Mother did not know the story behind the song, “Brighten the Corner.” Years ago a little lady, Ina Duley Ogdon, was given a beautiful voice. Someone asked her to sing a concert tour around the world. She had anticipated the day when she could cover the globe and carry the bright light of Christ through her voice. She had signed the contract; the date had been set for her journey to begin. Just days before her departure, she found her father was taken seriously ill. No one else could care for him; only she! With some bitterness and much disappointment she cancelled her worldwide trip to use her voice to sing the praises of Christ and shine His light around the world!
Ina Ogdon looked at her aged father and saw him as he was nearing death. She realized that she could not take her trip. Her bitterness changed to joy, her disappointment changed to gratitude as she sat down one day and began to write, “Brighten the corner where you are; brighten the corner where you are; someone far from harbor you may guide across the bar if you brighten the corner where you are!”
What the soloist could not do with her journey she did with her sweet spirit as it went from her heart to her mind, from her mind to her pen, from her pen to the paper, from the paper to the hymnbook, and from the hymnbook to the whole world! Not just in her lifetime did she brighten the world, but she will do so as long as the song is sung!
That’s your job–brighten your corner! The atmosphere of the office is determined more by the spirit of the secretaries than that of the bosses. The atmosphere of the home is determined more by the mother and wife than by the father and the children.

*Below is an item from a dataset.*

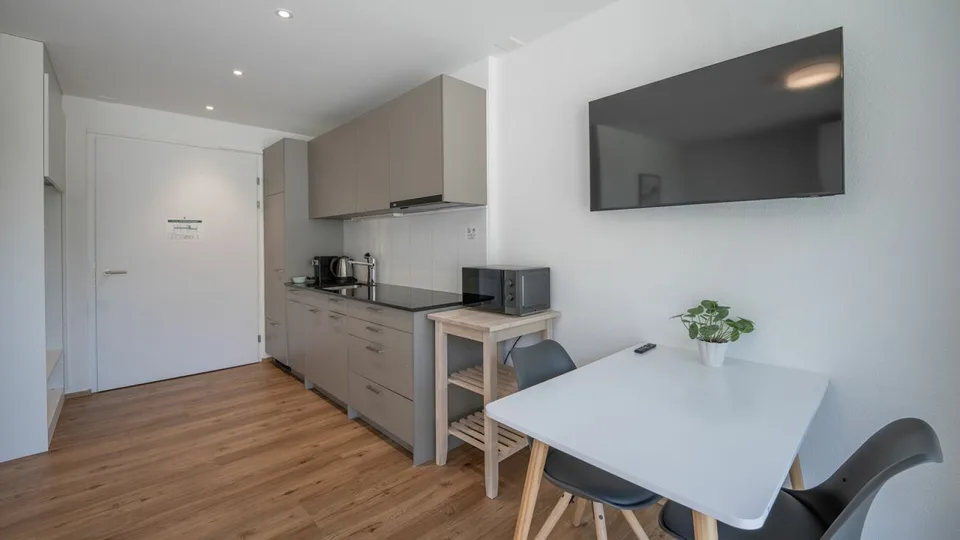 Möbliertes BASIC Apartment - 24 m2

Man looks to you first to see in what kind of mood you are now. Your husband comes home at night and one of the first things he wants to know is, “What kind of a mood is she in tonight??’ His evening is brightened or saddened according to your mood! Why? Man doesn’t determine the mood of the house; you do! You are the Holy Spirit of the home.

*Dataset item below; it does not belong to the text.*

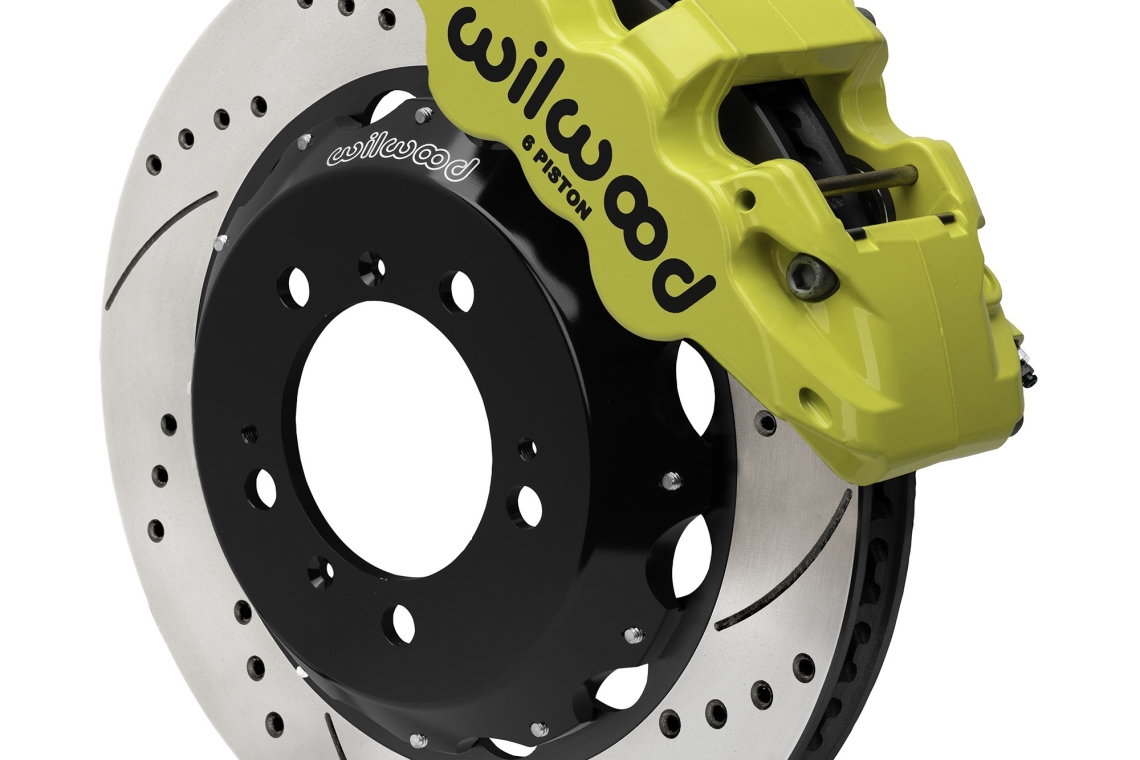 Wilwood Introduces Front & Rear BBK for 1999-2012 Porsche 911 (996/997)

You won’t get the praises man gets. You won’t get your name in the paper like he does. You won’t get your name honored like he does, and you won’t be as big, as strong and as much of a leader. He is the Father, the children are the Son, but you are the Holy Spirit. The whole atmosphere wherever you are is determined by you.

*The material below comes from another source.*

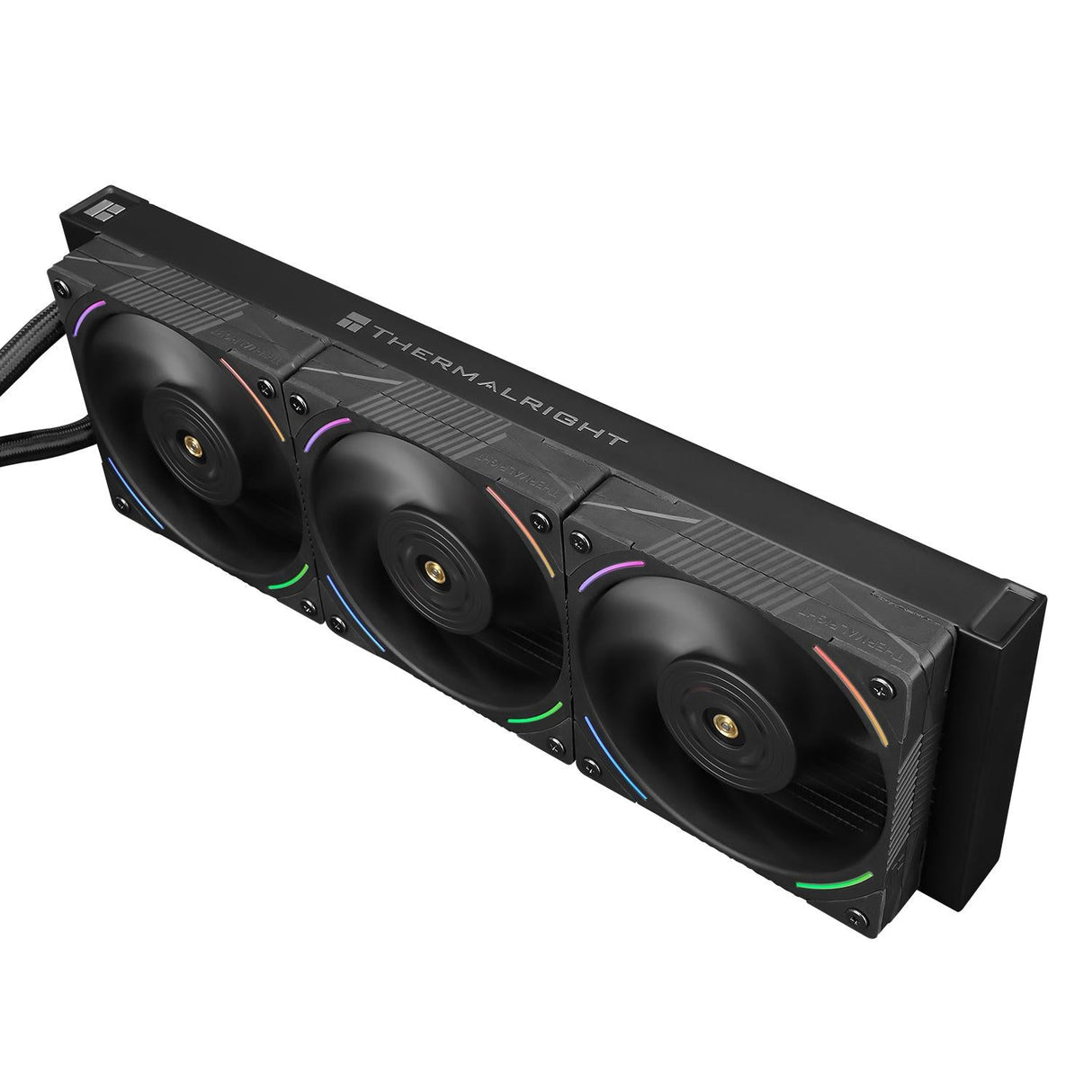 Thermalright Frozen Vision 360 Black - AIO, 360mm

Did you know that God has made it so that your spirit can overwhelm the spirit of man? He is stronger than you as far as your body is concerned. Your emotions could never do it, because there is more emotional stability in a man than in you, but there is one place where you can always overpower your guy or any guy and that is your attitude, the spirit, the atmosphere!
Sometimes your home is happy; sometimes it’s blue. Its disposition depends on you.
Sometimes the place you work is happy; sometimes it’s blue. Its disposition depends on you.
Sometimes your school is happy; sometimes it’s blue. Its disposition depends on you.
Sometimes your church is happy; sometimes it’s blue. Its disposition depends on you.
If your church doesn’t have a good spirit, it’s more your fault than the man’s. I like this building. I helped to build it. I love it. I think it’s the prettiest building in the whole world and I wouldn’t trade anyone’s building for it. I love this pulpit. It’s the same pulpit I had in the other building; we just put some new wood on the outside of the pulpit. When we meet here Sunday morning, it doesn’t matter about the building, and all of my training and planning for the services doesn’t matter if the Holy Spirit is not here! It doesn’t matter what kind of a guy you’ve got or what kind of kids you have, if the Holy Spirit is not there.
That’s what it’s all about. It’s your job to comfort. Dad’s not a very good comforter; in fact, he’s a weak comforter. Dad’s a horrible spirit-determiner or atmosphere-determiner. He waits on you.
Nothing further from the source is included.